Exercise
Write out the entire listing below exactly, with the pictures left out.

Data supplied
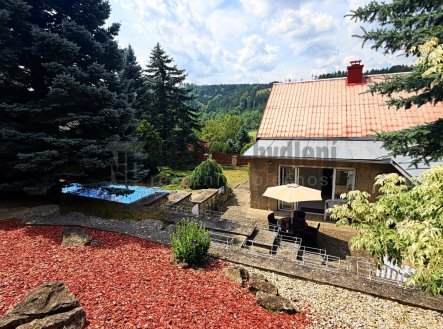 Prodej domu/vily, 170 m²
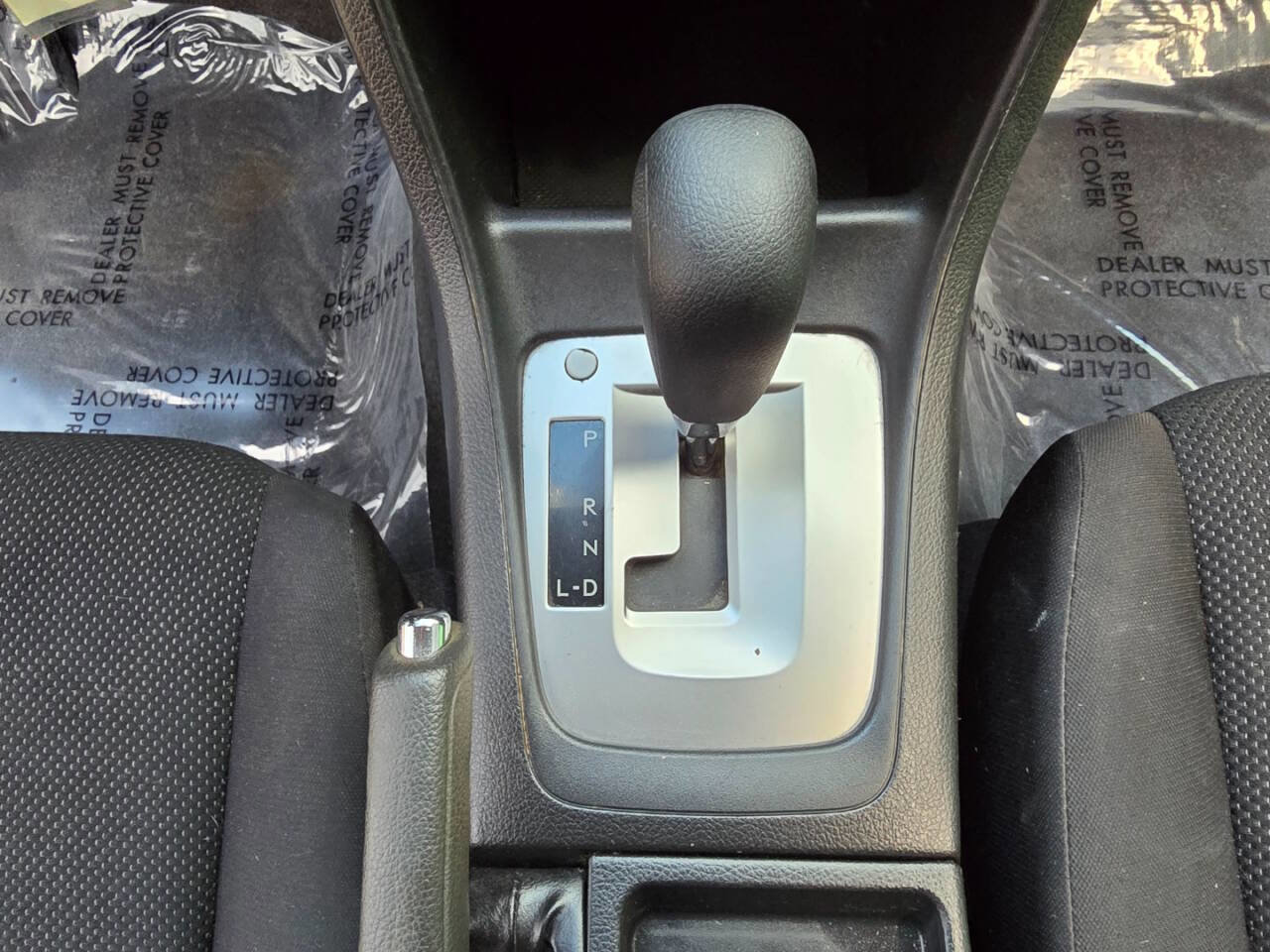 Used 2013 Subaru Impreza 2.0i image 28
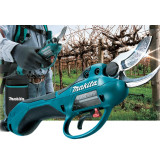 AKÜLÜ ÇİT BUDAMA MAKİNASI 18V Makita DUP361RM2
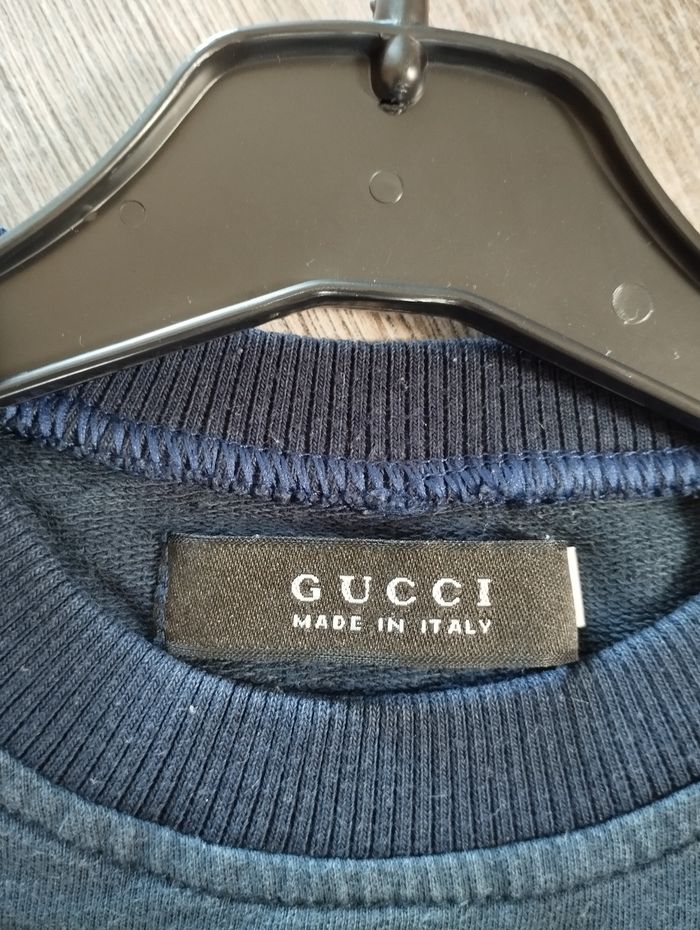 Sweatshirt enfant Mickey - photo numéro 2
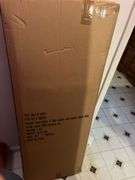 4’ Step Ladder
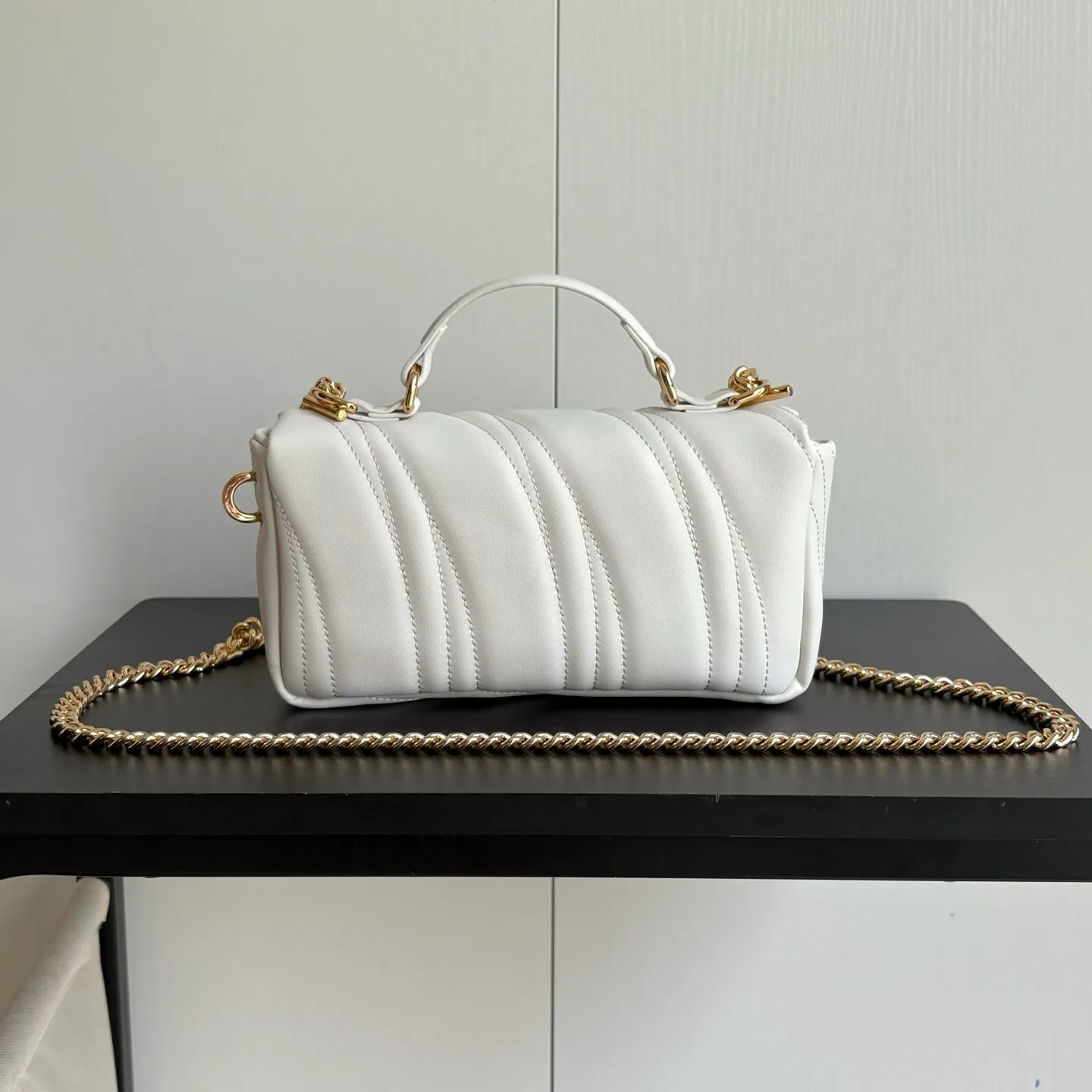 All Categories Official Website "Brand Women's Bags" Women's Bags 💙 GUCCI 2026 New GUCCI Crossbody Bag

Exercise response
 Prodej domu/vily, 170 m²
 Used 2013 Subaru Impreza 2.0i image 28
 AKÜLÜ ÇİT BUDAMA MAKİNASI 18V Makita DUP361RM2
 Sweatshirt enfant Mickey - photo numéro 2
 4’ Step Ladder
 All Categories Official Website "Brand Women's Bags" Women's Bags 💙 GUCCI 2026 New GUCCI Crossbody Bag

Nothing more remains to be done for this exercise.